High-performance piezoelectric nanogenerator based on microstructured P(VDF-TrFE)/BNNTs composite for energy harvesting and radiation protection in space

Abstract

Stable and durable piezoelectric nanogenerators (PENGs) with good flexibility, high performance and superior radiation resistance under harsh environments are promising for space exploration. Here, a novel PENG based on P(VDF-TrFE)/boron nitride nanotubes (BNNTs) nanocomposite micropillar arrays with enhanced performance and excellent neutron radiation shielding is prepared by a reliable nanoimprint lithography.
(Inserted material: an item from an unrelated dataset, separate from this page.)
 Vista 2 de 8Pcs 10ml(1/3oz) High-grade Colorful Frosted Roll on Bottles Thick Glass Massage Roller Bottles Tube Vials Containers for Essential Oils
The PENG comprised of a microstructured P(VDF-TrFE)/0.3 wt% BNNTs nanocomposite demonstrates an outstanding output voltage of 22 V and a sensitivity of 55 V/MPa under the pressure of 0.4 MPa, which are 11-fold higher than those of pristine P(VDF-TrFE) film. This dramatic enhancement in performance is ascribed to synergistic contributions from strong piezoelectric BNNTs and a strain confinement effect of the nanocomposite microstructure. In practice, the PENG is capable of scavenging various mechanical and biomechanical energy for lighting up commercial LEDs, an LCD screen and a digital watch. More importantly, the as-obtained PENG exhibited 9% neutron radiation shielding with neutron cross section increase reaching 260% when compared to the film without BNNTs. Moreover, the high output is retained after 2 h of neutron radiation exposure. Overall, the as-prepared microstructured nanocomposites look promising for high-efficiency piezoelectric nanogenerators for the self-powered and wearable electronic devices, in particularly, under the extreme space environments.